Report de l’âge légal : nécessité ou choix politique ?
Mais une fois cet état des lieux financier posé, la question du financement de ce déficit reste ouverte. Afin d’équilibrer le régime des retraites, trois pistes s’offrent à l’exécutif :
- Travailler plus longtemps, et donc faire payer les actifs, soit en repoussant l’âge légal, soit en augmentant la durée de cotisation
- Diminuer les pensions, et donc faire payer les retraités
- Augmenter les cotisations salariales et patronales, et donc faire payer les entreprises
Ces options pourraient d’ailleurs être mises en œuvre en même temps, comme lors de la réforme Touraine de 2014, qui avait allié allongement de la durée de cotisation, augmentation des cotisations retraite et mise à contribution des retraités. Depuis la campagne présidentielle, Emmanuel Macron a régulièrement exprimé son désaccord avec les deux dernières options, refusant de diminuer le niveau de vie des retraités ou de faire peser la pression du financement du régime des retraites sur les entreprises, justifiant ainsi la « nécessité » d’une mesure d’âge.
Le COR précise que si l’équilibrage financier du régime doit reposer uniquement sur des mesures d’âge, et que la participation de l’Etat au financement reste inchangée, il faudra porter l’âge effectif de départ – et non pas l’âge légal – à 64,1 ans en 2032, soit une augmentation de 0,7 an. Il serait d’ailleurs possible de ramener cet âge de départ à 63,7 ans en 2070, soit 0,2 an de moins qu’actuellement, tout en laissant le régime à l’équilibre. Pour augmenter l’âge effectif de départ, l’exécutif pourrait reporter l’âge légal de départ, ou bien augmenter la durée de cotisation.

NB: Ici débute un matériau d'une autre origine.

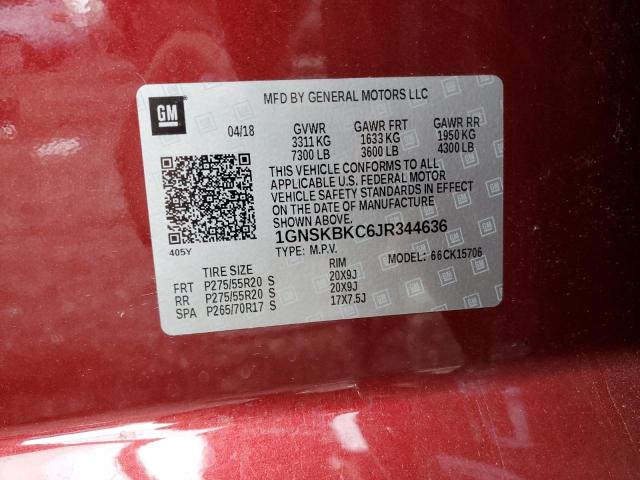 2018 CHEVROLET TAHOE K150 - 1GNSKBKC6JR344636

Les autres pistes de financement, ou comment trouver 10 milliards par an ?
La piste privilégiée par le gouvernement est aussi celle des Think tanks libéraux comme l’Ifrap, qui alertent sur le déficit du régime et militent pour un équilibrage par une augmentation de l’âge de départ. Côté social-démocrate, une note de Terra Nova évoque d’autres pistes de financement, sans exclure de mesures d’âge « raisonnables. » Ainsi, d’après cette note, 4 milliards d’euros, soit la moitié du déficit prévu pour 2027, pourraient être récoltés en revenant sur les allègements de cotisations au-dessus de 1,6 SMIC, jugées inefficaces par le Conseil d’analyse économique (CAE), rattaché aux services du Premier ministre.
L’économiste de la protection sociale, Michaël Zemmour, propose dans Alternatives économiques « Cinq pistes pour combler le déficit des retraites sans se fatiguer », en mettant notamment sur la table le retour sur les 8 milliards de baisses des impôts de production entérinées par le budget pour 2023, comme la suppression de la CVAE, ou bien l’augmentation les cotisations de 0,8 point, pour 12 milliards d’euros par an.
« Ce qu’on exclut, en revanche, c’est de baisser le montant des retraites ou d’alourdir le coût du travail par des cotisations supplémentaires », répond pour le moment la Première ministre, alors que toutes les organisations syndicales sont opposées à un report de l’âge légal. La position du gouvernement devrait être définitivement arrêtée le 10 janvier prochain.